▸ TASK TO CARRY OUT
Could you output, word for word, only the lines from the line with "Свитшот хлопковый женский" to the end of the entries, including both ends? Omit the pictures.
-- INPUT follows --
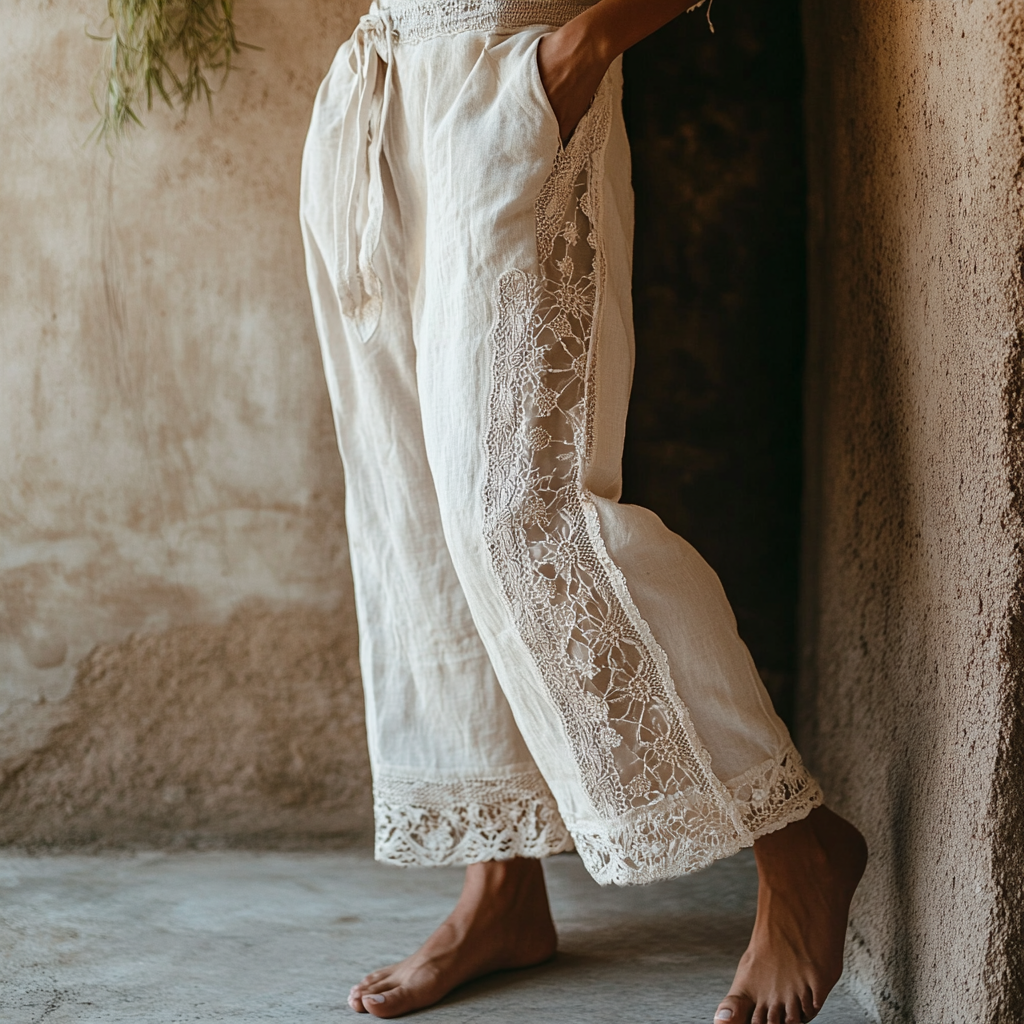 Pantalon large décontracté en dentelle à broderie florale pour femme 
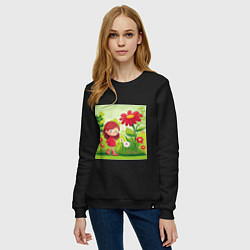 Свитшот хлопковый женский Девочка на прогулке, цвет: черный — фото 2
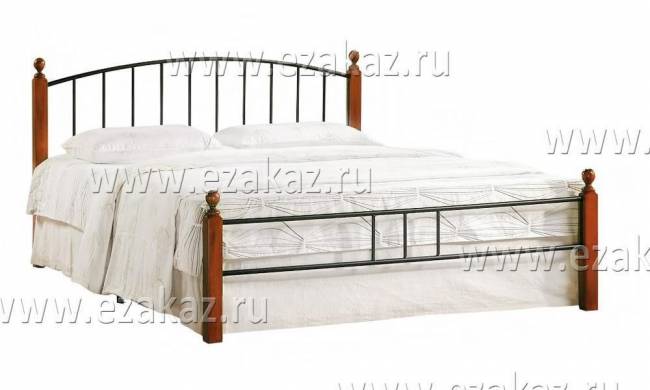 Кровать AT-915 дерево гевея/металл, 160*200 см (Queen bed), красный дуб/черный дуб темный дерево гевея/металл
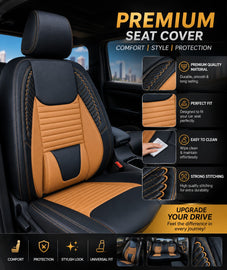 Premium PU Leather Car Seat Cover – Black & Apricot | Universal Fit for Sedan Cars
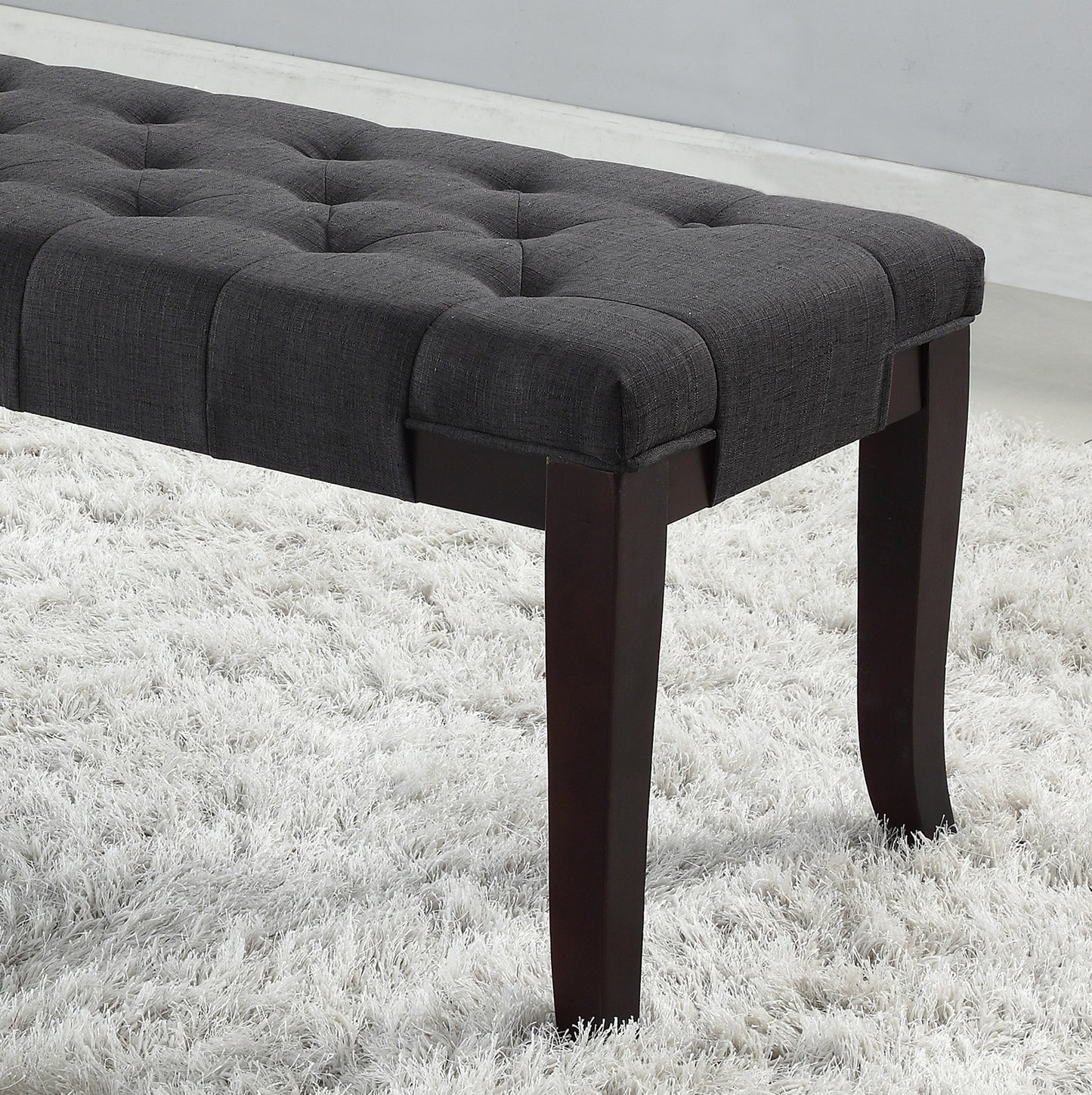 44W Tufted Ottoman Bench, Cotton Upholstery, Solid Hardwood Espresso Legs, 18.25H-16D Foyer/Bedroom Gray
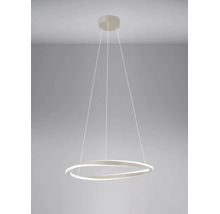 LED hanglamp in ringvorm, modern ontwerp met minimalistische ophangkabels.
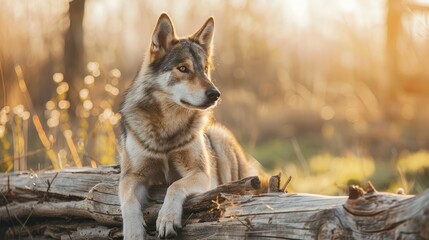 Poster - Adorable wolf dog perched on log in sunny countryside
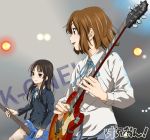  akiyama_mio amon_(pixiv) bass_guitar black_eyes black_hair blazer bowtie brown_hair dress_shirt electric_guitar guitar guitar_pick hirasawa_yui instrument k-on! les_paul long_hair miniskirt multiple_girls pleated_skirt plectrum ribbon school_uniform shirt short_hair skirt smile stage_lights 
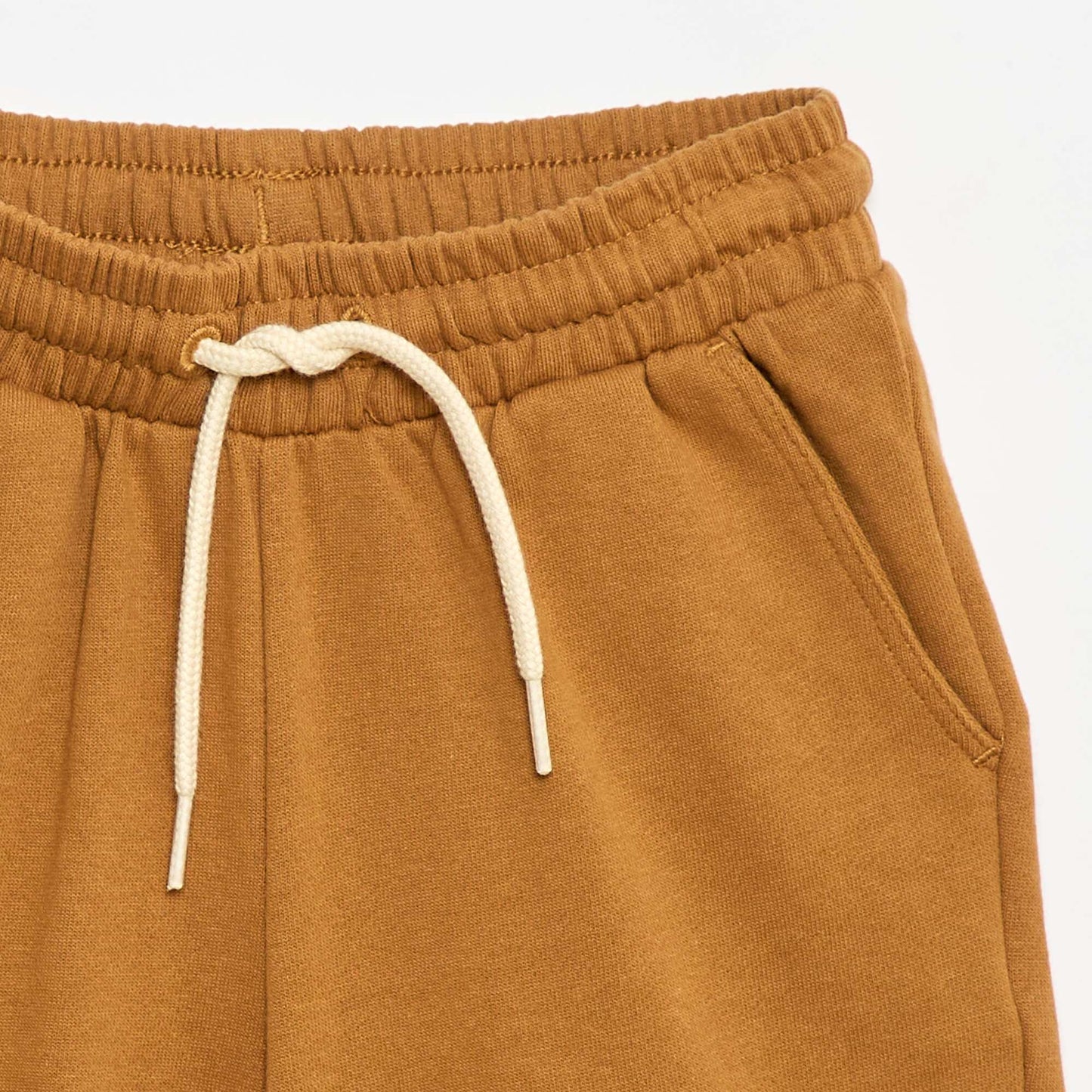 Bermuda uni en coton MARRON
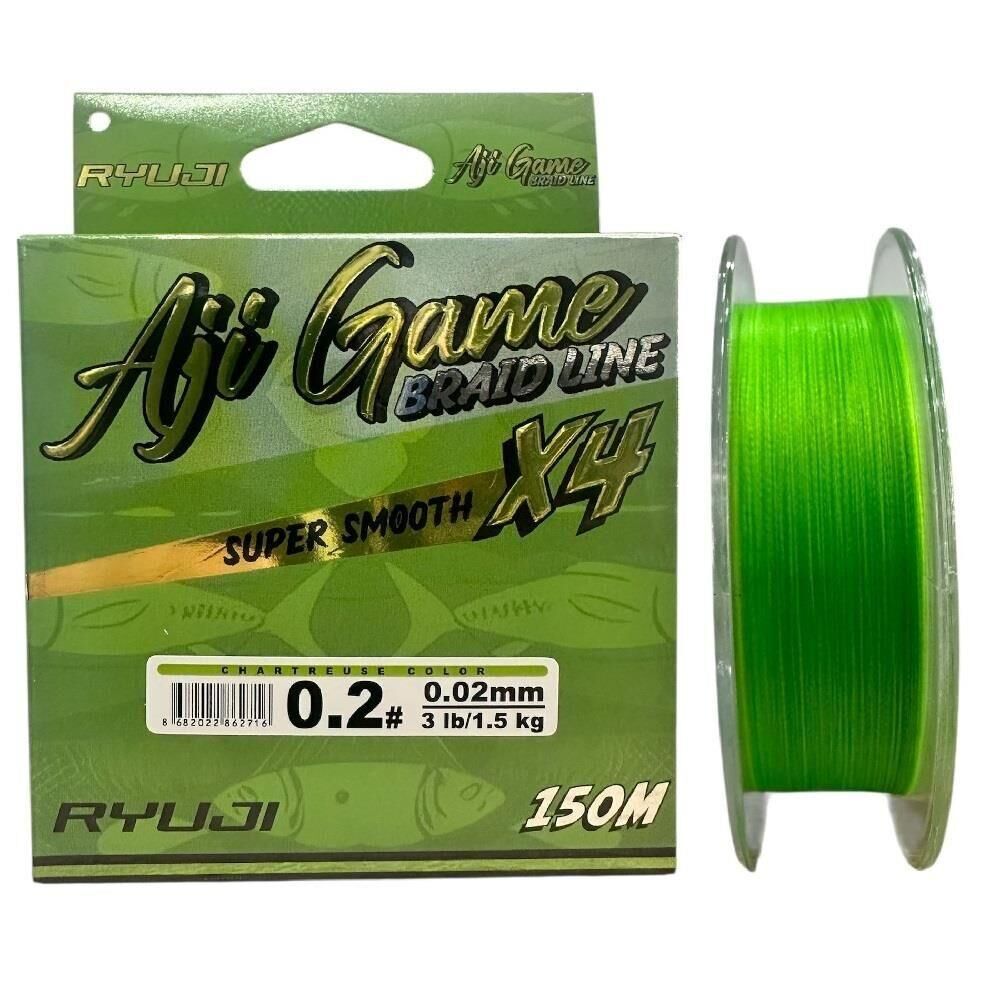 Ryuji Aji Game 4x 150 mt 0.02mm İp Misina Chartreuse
-- INPUT concluded --
▸ RESULT FOR THIS EXERCISE
 Свитшот хлопковый женский Девочка на прогулке, цвет: черный — фото 2
 Кровать AT-915 дерево гевея/металл, 160*200 см (Queen bed), красный дуб/черный дуб темный дерево гевея/металл
 Premium PU Leather Car Seat Cover – Black & Apricot | Universal Fit for Sedan Cars
 44W Tufted Ottoman Bench, Cotton Upholstery, Solid Hardwood Espresso Legs, 18.25H-16D Foyer/Bedroom Gray
 LED hanglamp in ringvorm, modern ontwerp met minimalistische ophangkabels.
 Poster - Adorable wolf dog perched on log in sunny countryside
  akiyama_mio amon_(pixiv) bass_guitar black_eyes black_hair blazer bowtie brown_hair dress_shirt electric_guitar guitar guitar_pick hirasawa_yui instrument k-on! les_paul long_hair miniskirt multiple_girls pleated_skirt plectrum ribbon school_uniform shirt short_hair skirt smile stage_lights 
 Bermuda uni en coton MARRON
 Ryuji Aji Game 4x 150 mt 0.02mm İp Misina Chartreuse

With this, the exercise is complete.